В этом отношении, несмотря на постепенное умножение более ли
менее правдивого ампира и классицистской выстройки главных, а
то второстепенных (как в Твери) площадей, контраст между городами
России и Европы скорее вырос, чем сократился.
Весь этот процесс получил своё естественное завершение в "колониальной"
практике градостроительства, будь то сооружение Одессы (в известном
смысле не менее абсурдное в лишённой пресной воды местности, чем
некогда строительство Петербурга на болотах) или Ташкента, Верного,
Новониколаевска или Мурманска.
Вопреки обособленным попыткам архитекторов-радикалов, будь то
техницисты, строившие Магнитогорск, или дезурбанисты, которые
пытались реконструировать Москву в "зелёный город",
в целом советское градостроительство дохрущёвской эпохи хранило
верность модели Екатерины II и Николая I. В городском секторе
бытия природе полагалось быть укрощенной и стилизованной (набережные
Москвы-реки, ЦПКиО, проекты устроения гигантского парка в районе
напротив смотровой площадки перед Университетом на Воробьевых
горах, гигантские лестницы реконструированного Сталинграда или
Горького и пр.), вне городского быть "пустыней", в
пограничной же зоне между ними почётное место занял новый элемент
лесопарк, имевший солидных предшественников в виде Венсеннского
и Булонского лесов Парижа.
Внешний радикализм хрущёвской "перестройки" повлек
за собой очевидно наблюдаемую утерю ориентиров: равномерная ткань
новой жилой застройки оказалась перемежающейся тканью, впустив
в себя несколько окультуренную, а затем уже вновь одичавшую природу,
тогда как эстетизованная природа утрачивает архитектурную "раму".

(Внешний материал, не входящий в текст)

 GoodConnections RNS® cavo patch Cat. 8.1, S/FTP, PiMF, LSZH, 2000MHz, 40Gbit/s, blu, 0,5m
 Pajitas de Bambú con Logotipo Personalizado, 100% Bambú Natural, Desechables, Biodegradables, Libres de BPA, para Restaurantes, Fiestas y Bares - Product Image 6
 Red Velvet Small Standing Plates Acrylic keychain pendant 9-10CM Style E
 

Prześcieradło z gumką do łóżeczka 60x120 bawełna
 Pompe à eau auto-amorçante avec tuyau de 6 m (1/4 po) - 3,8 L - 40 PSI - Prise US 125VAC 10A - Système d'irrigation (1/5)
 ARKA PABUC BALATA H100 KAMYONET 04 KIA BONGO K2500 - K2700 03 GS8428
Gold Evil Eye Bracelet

Наряду с физическим расползанием городов и появлением многоэтажной
типовой застройки в поселках и крупных селах, произошел процесс
тотального наплывания не так города, как новой слободы на внешнюю
природу с физическим устранением таковой. Снос рельефа на гигантских
площадях, перекрытие подземных потоков, всевластие асфальтовых
"морей" и огораживание водоемов бетонными берегами (но
отнюдь не набережными), наряду с высадкой саженцев квадратно-гнездовым
или линейным способом всё это привело к тотальному переустройству
природы на приблизительно 10% обитаемого пространства России.
Островки "дикой" природы, первоначально допущенные внутрь
городского пространства, были подвергнуты "мягкой" форме
чрезмерной нагрузки, в силу чего произошло качественное обеднение
видового разнообразия. Новый универсальный квазигородской ландшафт,
уже в 90-е годы протягивающийся далеко за границу юридического
города, по-прежнему вытесняет собой природу-1 и замещает её собой.

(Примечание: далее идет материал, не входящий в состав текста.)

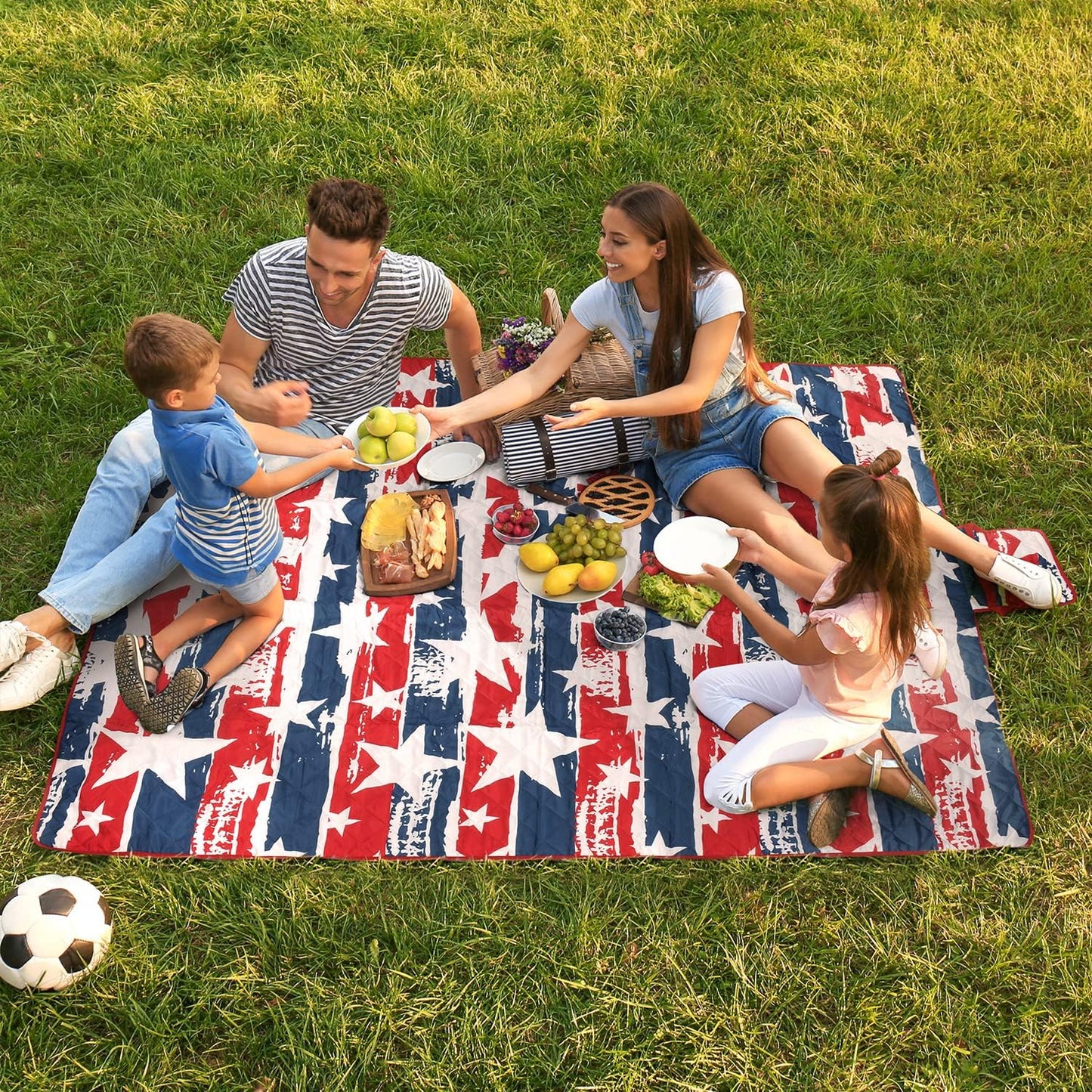Manta picnic extragrande impermeable 70x80 y 120x108 pulg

При этом утрата интереса к панорамному восприятию и фрагментирование
городской среды в восприятии влекут за собой специфическую миниатюризацию
природы-2. Подобно тому, как на Урале и на Севере природа-2 издавна
была явлена горшком с глицинией, лимоном, геранью, филлокактусом
или узумбарской фиалкой, поставленным в маленьком окошке городской
избы, так и сегодня природа-2 все чаще принимает форму куста cherry-tomato
в застекленной лоджии какого-нибудь 11-го этажа. И в этом отношении
город и село утратили остатки контрастности, в равной степени
формируя вокруг себя промежуточный пояс трансформируемой природы-1,
в равной степени ища природы-1 в её "диком" состоянии
на Севере, в запустевшем Центре или на экране телевизора.